BOISE – Sen. Jim Hammond, R-Coeur d’Alene, says he doesn’t want teachers to lose the $38.8 million in performance-pay bonuses that the state is scheduled to send out to school districts on Nov. 15 – he just wants it distributed differently than the voter-rejected Students Come First laws required.
“I would like to see it go to the base, and let the teachers negotiate with their local school boards for it,” Hammond said. “Because I think it’s disingenuous … giving merit pay to people that don’t deserve it. I don’t want to do that to teachers.”
The law’s initial bonuses, awarded to teachers based on last school year, are tied to student achievement increases for entire schools or groups. As those receiving bonuses were announced over the past week, there have been concerns raised around the state about nonqualifying schools that in some cases have been recognized as outstanding but have high numbers of low-income and disadvantaged students. In Boise and Coeur d’Alene, that concern has prompted teachers to ponder pooling their bonus money to share with teachers at those schools.
Hammond, a former school principal, said some teachers who don’t deserve bonuses are getting them, while deserving, high-performing teachers are going without.
“It’s not that I’m against merit pay,” Hammond said. “But this isn’t working, and we shouldn’t do it. Let the local school districts work that out.”
It’s not clear whether the state has that option at this point. A legal opinion from the state attorney general’s office on the status of the bonuses is due to the state Department of Education shortly.
October revenues miss projections
Idaho state tax revenues came in $10 million below projections in October, for a year-to-date $6.9 million below forecast, a 0.8 percent lag. After accounting for amounts the Legislature must reimburse deficiency accounts for fires, pests and hazardous material incidents, the state now looks on track to end the fiscal year with a $30.1 million balance, $25.7 million more than was anticipated when the legislative session adjourned last spring.
Goedde mulls chairmanship
Coeur d’Alene Sen.

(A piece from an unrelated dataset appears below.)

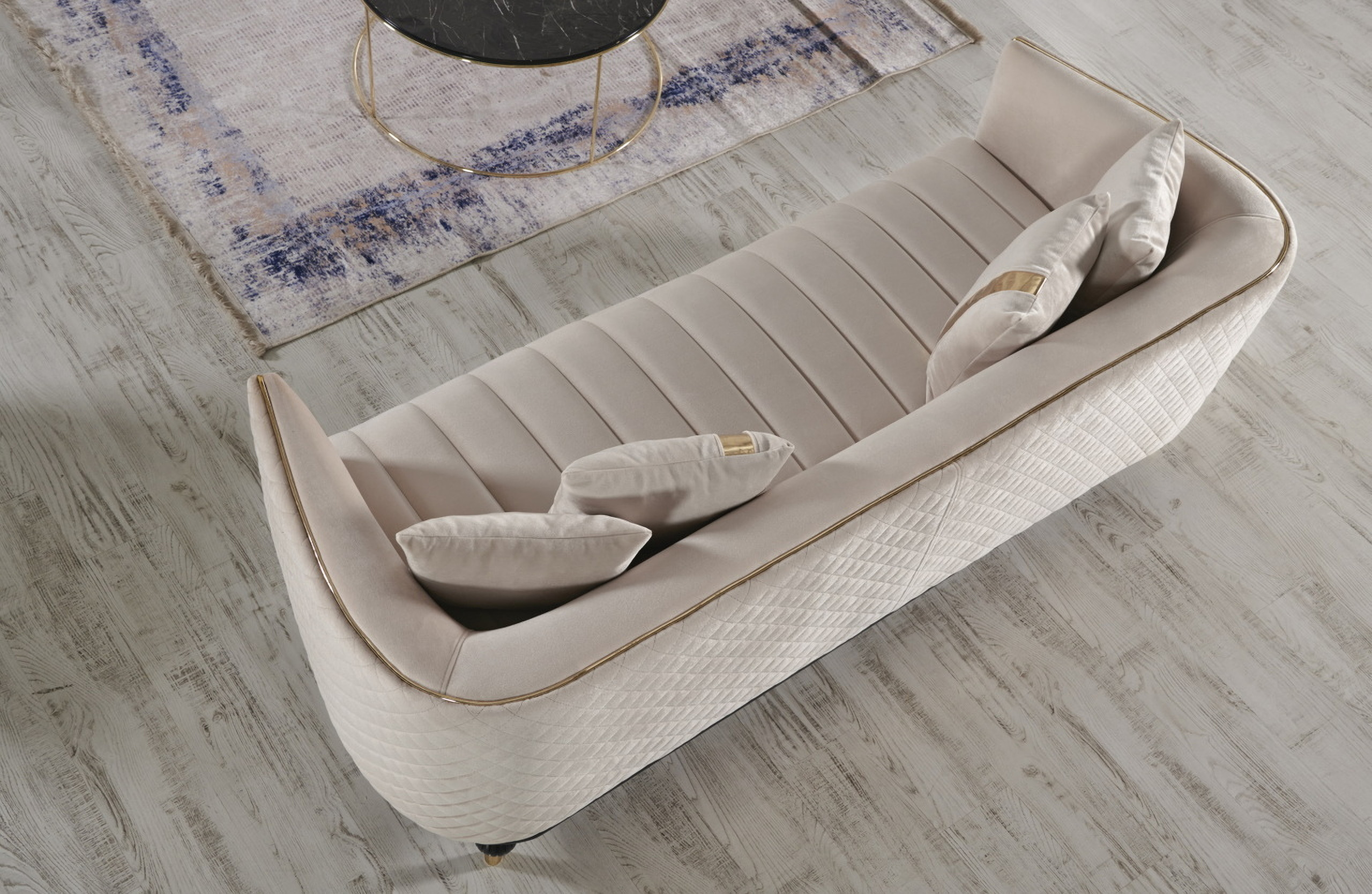 Toronto Loveseat In Beige by Furnia 1StopBedrooms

John Goedde, who just won re-election to a seventh term in the Senate, says he may or may not continue as the Senate Education Committee chairman. “I would be in line to take the Commerce & Human Resources chairmanship, and that’s something that I spent … years being involved with as a small businessman,” said Goedde, an insurance agent. “And I would not have the hassle of dealing with the leadership of the IEA there.”
Clearly stung by the defeat of Propositions 1, 2 and 3, the school reform measures – of which Goedde was the lead legislative sponsor and which the Idaho Education Association opposed – he said he’ll “withhold judgment on how serious the IEA is on looking at education reform” until he sees what vision the teachers union proposes for future reform. “If the union is sincere in looking at reform, I think they need to be included,” Goedde said. “But if it’s going to be ‘not only no but hell no,’ which has kind of been their prior approach to this, then it’s a futile effort to include them.”
Goedde said that by seniority, if he were to leave the education chairmanship, the next person eligible would be Sen. Monty Pearce, R-New Plymouth, who now chairs the Resources Committee. And if he didn’t want to, the next would be Sen. Russ Fulcher, R-Meridian, who now serves as caucus chairman.
Goedde said, “But with that said, I also made a commitment that I’d see this reform through the end, and I don’t know that I can jump ship mid-term.”
Lawmakers will gather for their North Idaho Legislative Tour starting today; it’s in Moscow and Lewiston this year. The three-day event will be the first chance for jockeying for leadership; it’ll also be the first chance for lawmakers to chew over the election results together. “We need to sit down as a majority caucus and talk about where we go from here,” Goedde said.
No state payments required
I’ve had several inquiries from readers concerned that now that voters have rejected Proposition 3, that the state would face costs related to the now-canceled $182 million student laptop computer contract with Hewlett-Packard. I can verify that according to HP’s Business and Scope of Work Proposal, which was included in the contract as Exhibit D, the state is not required to make any payments.
Bidders were asked to outline early termination costs if Proposition 3 didn’t pass. HP said the cost would be zero, as its period of performance for the contract wouldn’t begin “until and unless Proposition 3 has been approved by Idaho voters in November, 2012.”